Soundpaint to me is like the Minecraft of the sampling / sounddesign world. I don’t have to learn any scripting, it doesn’t expect me to hit a spanner icon and deep-dive into a bazillion options, I don’t get to build gorgeous looking personalized UIs with drop-dead beautiful background graphics of a scarcely dressed cello-player. What a relief. The only thing I need to do to become a Soundpainter is get my Lego’s out and clickety-click them into some cool new thing. And lucky for me, if I do want to geek out I roll out MSoundFactory, Halion or Falcon and make macros.

So yeah. Soundpaint is all about simplicity, getting results quickly and good sounds. At the end of the day the latter is what matters most to a lot of people. I do find it very important. But here’s the kicker: having fun may just be more important to me personally, spoken as the true hobbyist I am of course. And SP delivers.

Disclosure: I have beta tested Soundpaint libraries & have received free libraries from them. I have also purchased most of my SP collection with my own money - because I happen to like them. Of course I am also a huge 8Dio fanboy, and own a ridiculous number of their libraries - never received any of those for free, although I may have abused a glitch or two  - all opinions expressed are strictly my own and are of little to no value as I am a mere hobbyist who has only ever cranked out shitty music anyway. But the instruments used were not to blame for that, I take full responsibility haha.


----------



## davidson (Apr 10, 2022)

I like soundpaint, but it doesnt half have its shortcomings. The main one (IMO) is the lack of time stretching. It uses varispeed which makes the one shots (ie, the majority of the libraries I've bought) pretty useless to play stretched across the keys.


----------



## doctoremmet (Apr 10, 2022)

I agree and suspect a lot of functionality is still being developed. That’s why it still says Beta in the player.


----------



## Taron (Apr 10, 2022)

To me the biggest trouble is that I generally totally prefer complete synthesis, whether it's any of the classical types (Subtractive, FM, etc...) or physical modeling (which I love). If I reach for samples, it's because of their authentic qualities. The moment you try and bend that stuff beyond their breaking point, it just rubs me the wrong way. I don't want Mickey Mouse to "Lala" my chords, if you know what I mean. Just how I dislike when a heavy resonance lowpass tortures an innocent piano and the likes. Good for a brief, deliberate effect, but there are much easier ways to get that externally than to have it as part of the "player" itself.

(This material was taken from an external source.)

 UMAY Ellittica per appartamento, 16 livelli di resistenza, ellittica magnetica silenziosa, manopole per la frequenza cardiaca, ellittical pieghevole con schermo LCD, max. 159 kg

IF there was anything innovative to look forward to, regarding samples, it would be some clever AI solution to pick up on certain characteristics of samples, morphing those or finding ways to combine that. This could be exciting again and a curious evolution in the use of high quality samples. For everything else, I don't think there's a tool missing. It's all there, I think.


----------



## doctoremmet (Apr 10, 2022)

Agreed. If using samples like Lego bricks isn’t your idea to create new sounds, SP is not for you. Like you I am mainly a synth guy myself (PM even!) so I get you. I am even a bit amazed I apparently now also like sample mangling, lol!


----------



## davidson (Apr 10, 2022)

Does anyone know the legalities regarding the music you submit? Do you retain full ownership etc?


----------



## doctoremmet (Apr 10, 2022)

davidson said:


> Does anyone know the legalities regarding the music you submit? Do you retain full ownership etc?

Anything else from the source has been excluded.